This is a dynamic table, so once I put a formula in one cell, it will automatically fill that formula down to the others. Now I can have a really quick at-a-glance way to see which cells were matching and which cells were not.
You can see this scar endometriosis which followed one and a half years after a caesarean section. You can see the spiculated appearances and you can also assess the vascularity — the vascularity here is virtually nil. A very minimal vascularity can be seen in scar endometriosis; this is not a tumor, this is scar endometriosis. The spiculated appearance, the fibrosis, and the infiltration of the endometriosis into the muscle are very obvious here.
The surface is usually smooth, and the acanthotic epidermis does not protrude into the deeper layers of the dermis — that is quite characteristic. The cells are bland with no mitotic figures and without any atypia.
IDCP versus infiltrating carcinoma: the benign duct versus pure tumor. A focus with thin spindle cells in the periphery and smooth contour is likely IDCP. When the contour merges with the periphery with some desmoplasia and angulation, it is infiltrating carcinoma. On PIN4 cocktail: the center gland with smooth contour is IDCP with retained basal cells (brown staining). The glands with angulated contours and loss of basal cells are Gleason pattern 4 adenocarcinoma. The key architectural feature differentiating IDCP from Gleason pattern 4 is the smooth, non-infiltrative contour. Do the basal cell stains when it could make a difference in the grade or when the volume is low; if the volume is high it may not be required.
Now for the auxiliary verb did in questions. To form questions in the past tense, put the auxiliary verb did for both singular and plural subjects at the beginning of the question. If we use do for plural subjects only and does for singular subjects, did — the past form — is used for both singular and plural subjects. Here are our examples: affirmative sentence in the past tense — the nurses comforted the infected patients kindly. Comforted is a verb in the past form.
--
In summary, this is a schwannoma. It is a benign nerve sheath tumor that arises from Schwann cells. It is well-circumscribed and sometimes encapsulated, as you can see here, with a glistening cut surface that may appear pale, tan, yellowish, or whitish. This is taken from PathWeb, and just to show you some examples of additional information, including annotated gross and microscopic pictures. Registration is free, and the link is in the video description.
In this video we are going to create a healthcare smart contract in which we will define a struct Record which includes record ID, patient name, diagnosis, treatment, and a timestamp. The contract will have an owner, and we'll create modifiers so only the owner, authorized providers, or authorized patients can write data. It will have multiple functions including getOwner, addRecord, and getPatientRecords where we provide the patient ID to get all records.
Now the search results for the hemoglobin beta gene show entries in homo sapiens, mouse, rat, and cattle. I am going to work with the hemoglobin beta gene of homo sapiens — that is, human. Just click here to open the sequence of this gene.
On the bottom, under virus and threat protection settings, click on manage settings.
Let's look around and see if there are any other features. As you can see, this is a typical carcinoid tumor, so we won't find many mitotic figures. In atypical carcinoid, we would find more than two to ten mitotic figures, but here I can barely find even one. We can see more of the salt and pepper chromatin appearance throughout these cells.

- _WHAT TO PRODUCE_:
Repeat, exactly as they stand above, the lines from the line with "This is a dynamic" to the line with "You can see this", both lines included.

- _THE ANSWER_:
This is a dynamic table, so once I put a formula in one cell, it will automatically fill that formula down to the others. Now I can have a really quick at-a-glance way to see which cells were matching and which cells were not.
You can see this scar endometriosis which followed one and a half years after a caesarean section. You can see the spiculated appearances and you can also assess the vascularity — the vascularity here is virtually nil. A very minimal vascularity can be seen in scar endometriosis; this is not a tumor, this is scar endometriosis. The spiculated appearance, the fibrosis, and the infiltration of the endometriosis into the muscle are very obvious here.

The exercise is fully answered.